Outside R's gallery in Old Town
We were "Couchsurfing" with K & R and that is how we came to stay with them. In other words, they offered their hospitality and their home for an opportunity to meet different travelers like us. Over coffee, R helped us find our way, pointed out key places. We may not have found the Blue Church or the fantastic pizza place – Pizza Mizza - on our own. Staying in one of the city's neighbourhoods also helped us see a bit of the non-regular Bratislava.
This was my first and was a pretty nice experience with couchsurfing. Obviously, you should definitely feel comfortable about this, but it does seem to be a nice way to meet people and other travelers. If this has piqued your interest, Couchsurfing.com and Hospitality.org are 2 sites that come to mind, that help facilitate this exchange.
Dos & Don'ts
1. Be comfortable with the idea– this to me seems most important. A lot of my friends aren’t. On the other hand, I’ve heard some very positive stories, and that was encouraging. So we decided to give it a go, since it was also 2 of us.

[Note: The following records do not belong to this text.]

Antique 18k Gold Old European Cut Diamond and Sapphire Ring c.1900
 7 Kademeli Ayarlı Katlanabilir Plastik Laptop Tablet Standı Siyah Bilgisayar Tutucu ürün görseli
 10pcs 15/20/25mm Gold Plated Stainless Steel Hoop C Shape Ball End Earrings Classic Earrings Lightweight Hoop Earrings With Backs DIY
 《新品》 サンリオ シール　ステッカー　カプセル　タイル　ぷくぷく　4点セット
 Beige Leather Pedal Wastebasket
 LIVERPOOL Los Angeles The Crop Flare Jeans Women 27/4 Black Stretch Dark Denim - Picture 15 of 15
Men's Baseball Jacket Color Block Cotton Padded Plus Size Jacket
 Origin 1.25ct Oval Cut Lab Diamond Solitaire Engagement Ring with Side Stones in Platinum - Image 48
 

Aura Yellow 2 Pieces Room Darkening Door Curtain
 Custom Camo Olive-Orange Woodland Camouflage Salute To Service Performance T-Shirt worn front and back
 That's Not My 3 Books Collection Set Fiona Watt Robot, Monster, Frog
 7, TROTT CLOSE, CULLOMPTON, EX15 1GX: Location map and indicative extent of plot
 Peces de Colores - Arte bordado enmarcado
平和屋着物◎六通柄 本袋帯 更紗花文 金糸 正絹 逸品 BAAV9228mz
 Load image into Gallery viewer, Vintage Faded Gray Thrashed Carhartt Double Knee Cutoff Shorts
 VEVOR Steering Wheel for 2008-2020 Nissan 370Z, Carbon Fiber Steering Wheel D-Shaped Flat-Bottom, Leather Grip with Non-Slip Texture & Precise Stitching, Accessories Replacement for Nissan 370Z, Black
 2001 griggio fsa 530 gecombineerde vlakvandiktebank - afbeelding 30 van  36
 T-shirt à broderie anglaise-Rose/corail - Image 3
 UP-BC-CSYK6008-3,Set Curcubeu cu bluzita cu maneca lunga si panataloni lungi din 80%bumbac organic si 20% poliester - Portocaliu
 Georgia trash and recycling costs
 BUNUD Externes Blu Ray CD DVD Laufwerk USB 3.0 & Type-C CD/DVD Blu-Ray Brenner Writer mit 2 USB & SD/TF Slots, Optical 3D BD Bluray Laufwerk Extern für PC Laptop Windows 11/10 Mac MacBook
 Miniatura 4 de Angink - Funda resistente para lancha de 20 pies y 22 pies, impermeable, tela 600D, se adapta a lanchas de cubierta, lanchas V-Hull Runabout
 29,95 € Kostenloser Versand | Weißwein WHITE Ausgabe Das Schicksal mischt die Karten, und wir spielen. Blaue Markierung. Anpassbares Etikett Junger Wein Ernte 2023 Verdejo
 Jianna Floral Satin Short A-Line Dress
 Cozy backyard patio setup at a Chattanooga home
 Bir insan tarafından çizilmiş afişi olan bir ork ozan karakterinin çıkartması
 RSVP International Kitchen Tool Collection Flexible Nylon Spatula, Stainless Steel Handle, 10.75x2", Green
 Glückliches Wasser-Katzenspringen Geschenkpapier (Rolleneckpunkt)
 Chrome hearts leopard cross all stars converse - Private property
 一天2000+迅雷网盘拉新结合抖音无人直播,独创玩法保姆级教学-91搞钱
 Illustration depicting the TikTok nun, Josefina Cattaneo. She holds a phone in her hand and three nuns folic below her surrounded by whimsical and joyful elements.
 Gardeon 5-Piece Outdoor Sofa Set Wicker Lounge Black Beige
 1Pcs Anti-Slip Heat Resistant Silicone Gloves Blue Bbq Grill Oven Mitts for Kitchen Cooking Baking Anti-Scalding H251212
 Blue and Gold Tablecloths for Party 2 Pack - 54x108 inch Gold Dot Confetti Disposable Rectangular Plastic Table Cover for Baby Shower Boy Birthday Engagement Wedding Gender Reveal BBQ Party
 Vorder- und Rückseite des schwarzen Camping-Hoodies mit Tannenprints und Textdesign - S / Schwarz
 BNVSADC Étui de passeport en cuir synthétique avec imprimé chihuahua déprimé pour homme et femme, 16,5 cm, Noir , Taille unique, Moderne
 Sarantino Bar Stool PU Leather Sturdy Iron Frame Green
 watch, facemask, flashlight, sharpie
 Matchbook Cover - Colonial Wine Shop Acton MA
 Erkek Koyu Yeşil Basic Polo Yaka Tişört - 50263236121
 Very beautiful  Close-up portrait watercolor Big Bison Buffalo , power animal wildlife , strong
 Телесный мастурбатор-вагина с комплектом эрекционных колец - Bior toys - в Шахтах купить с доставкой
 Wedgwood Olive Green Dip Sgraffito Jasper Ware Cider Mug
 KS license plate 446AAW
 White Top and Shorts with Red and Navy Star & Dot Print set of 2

2. Couchsurfing is not just about finding a place to stay. You could use it to meet people for a coffee in a new city or find company for a museum visit, which could be a more comfortable starting point. Many cities have regular CS meets on weekends and that would be a great inclusion to your itinerary. I regret not making it to the Saturday Beer garden meet up in Prague.
3. Be comfortable with your hosts – First thing would be to see if your and the hosts requirements match. Time restrictions (you may not have 24/7 access to the flat), smoking/non smoking, do you have room or just a couch in the living room etc. We spent quite a bit of time exchanging emails with K & R where they sounded very enthusiastic and also helpful and we were so glad they could host us.
4. CS has an option where by a member can choose to be verified for a fee, and so adding authenticity. But not all members get it done for their profile (I am not). Also, members leave references for each other – that could help you know your host a bit better (though I have never seen a negative reference, I have to say!). CS is an open community (anyone can join), so no harm in being careful!
5. And lastly, being sensitive to what the host expects out of you and making sure you have time for that.